Exercise:
Each line in the records below that has the word "background" should be copied.

(Data shown Opens)

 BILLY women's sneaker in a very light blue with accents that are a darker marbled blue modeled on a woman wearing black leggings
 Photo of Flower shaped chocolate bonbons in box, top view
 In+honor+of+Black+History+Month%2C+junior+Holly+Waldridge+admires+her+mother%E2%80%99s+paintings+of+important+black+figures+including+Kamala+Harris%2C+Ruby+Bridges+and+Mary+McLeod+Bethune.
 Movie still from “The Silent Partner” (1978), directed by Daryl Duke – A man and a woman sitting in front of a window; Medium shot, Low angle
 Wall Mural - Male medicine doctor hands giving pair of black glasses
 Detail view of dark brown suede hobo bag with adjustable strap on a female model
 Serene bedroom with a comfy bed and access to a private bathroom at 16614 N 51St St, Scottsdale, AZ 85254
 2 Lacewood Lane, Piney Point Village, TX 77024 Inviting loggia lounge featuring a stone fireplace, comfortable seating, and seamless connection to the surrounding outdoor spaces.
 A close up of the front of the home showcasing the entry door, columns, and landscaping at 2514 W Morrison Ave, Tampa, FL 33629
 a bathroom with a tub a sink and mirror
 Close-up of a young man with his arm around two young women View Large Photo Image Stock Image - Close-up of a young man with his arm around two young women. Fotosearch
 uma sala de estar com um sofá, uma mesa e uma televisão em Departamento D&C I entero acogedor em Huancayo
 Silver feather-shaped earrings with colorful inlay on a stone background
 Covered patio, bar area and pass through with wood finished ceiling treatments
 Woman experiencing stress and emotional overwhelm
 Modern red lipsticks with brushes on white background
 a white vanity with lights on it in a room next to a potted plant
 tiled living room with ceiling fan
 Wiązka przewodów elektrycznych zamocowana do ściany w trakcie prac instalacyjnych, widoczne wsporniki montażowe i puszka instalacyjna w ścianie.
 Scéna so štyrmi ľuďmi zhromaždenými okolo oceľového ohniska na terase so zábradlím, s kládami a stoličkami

(Data shown Closes)

Reply:
 Silver feather-shaped earrings with colorful inlay on a stone background
 Modern red lipsticks with brushes on white background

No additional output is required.